Ms O'CONNOR question to MINISTER for RESOURCES, Mr BARNETT
You are threatening to allow loggers into the 400 000 hectares of high conservation value forests that were independently verified and set aside under the Tasmanian Forest Agreement. In its advice to you, as the Treasurer tabled yesterday, the Forestry Tasmania board makes no mention of the moratorium forests, making a lie of your original statement in Parliament that it was on the basis of advice from FT that the Government had decided it may need to go into the 400 000 hectares.
Madam SPEAKER - Order. The member will rephrase, not using the word 'lie'. It can only be made by substantive motion to this House so that members are able to debate that type of allegation.
Ms O'CONNOR - I am seeking clarification, Madam Speaker. I did not call the minister a liar. I said his statement made a lie of.
Madam SPEAKER - No, you are insinuating that he is. I am ruling that should be done by way of substantive motion. For too long members have been throwing around these allegations in questions. I am not going to continue to put up with it. Members can make that allegation another way in the House.
Ms O'CONNOR - Do not worry, we will. Thank you, Madam Speaker.

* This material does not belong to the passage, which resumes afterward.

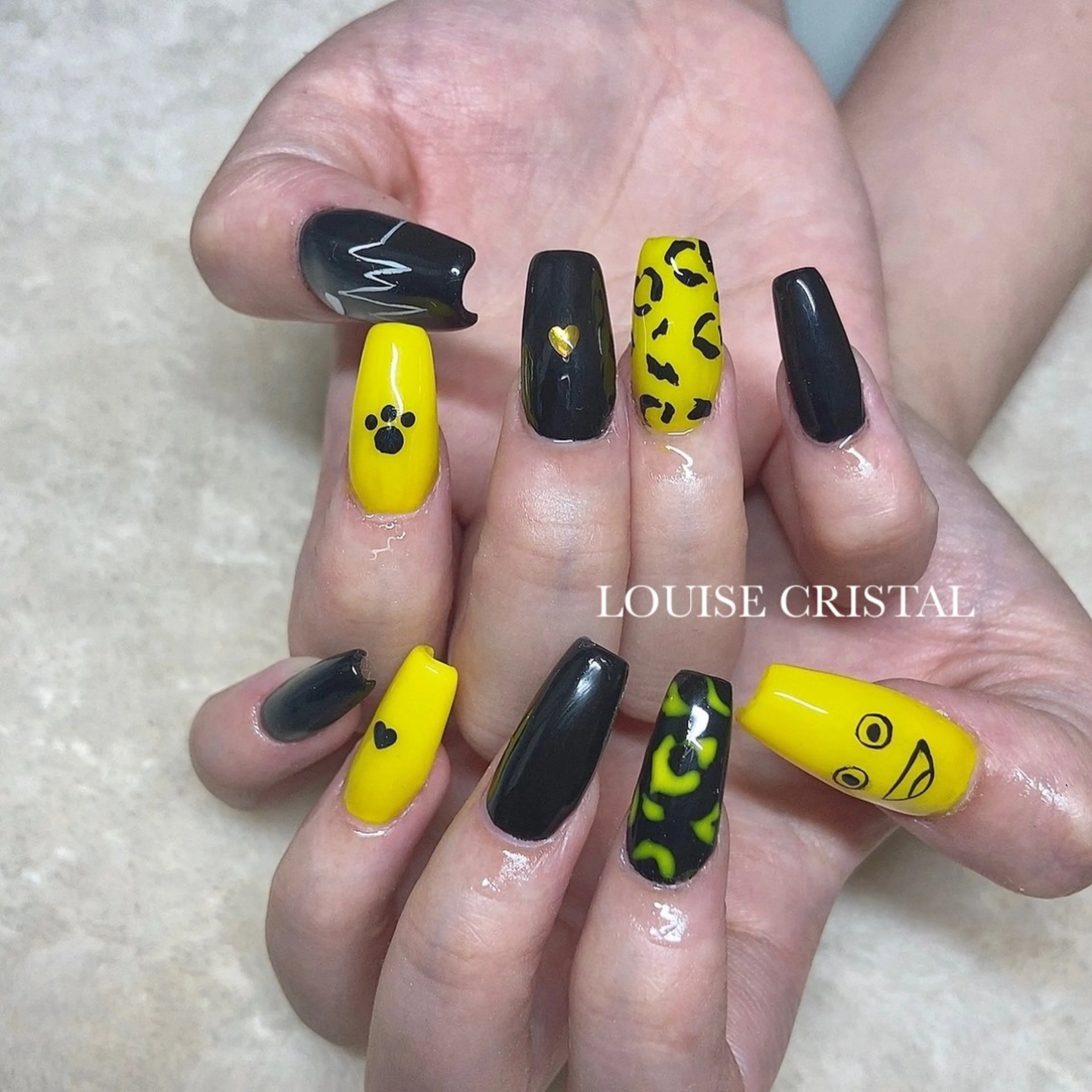 ネイル ハンドネイル LOUISE CRYSTALのネイルデザイン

It made a farce of your original statement in Parliament that it was on the basis of advice from FT that the Government had decided it may need to go into the 400 000 hectares. Did you mislead Parliament? The FT board does not want to log the reserve forests, key industry players are not backing you, the Forest Industries Association does not support you, and you have not provided a shred of evidence or documentation to back up your stated position. Why don't you be up-front with Tasmanians. Your threat to log the 400 000 hectares of HCV carbon rich forests is a political ploy, pure and simple, designed to create conflict in the lead-up to the next election.
ANSWER
Madam Speaker, I thank the member for her question. There is a clear reference by the member in her question to the Tasmanian Forest Agreement, which locked up so much of Tasmanian and which was put to the election. What did the Tasmanian people decide? They decided it should be torn up and a majority Liberal Government would lead this state, ensuring the future and growth for the forest sector in Tasmania.
This Government acted, bringing forward legislation which was passed through this Parliament to establish future potential production forest. This future potential production forest is production forest. It has been referred to as high conservation value by the Greens. The claim that the FPPF land is high conservation value comes from the discredited TFA, which was thrown out by the Tasmanian people. The submission from one of our leading conservation scientists, Dr Simon Grove, to this Parliament in 2012 exposes the TFA as a sham. Dr Grove knows what he is talking about. He is a PhD in forest ecology, has a masters degree in forestry and its relation to land use, and a science degree.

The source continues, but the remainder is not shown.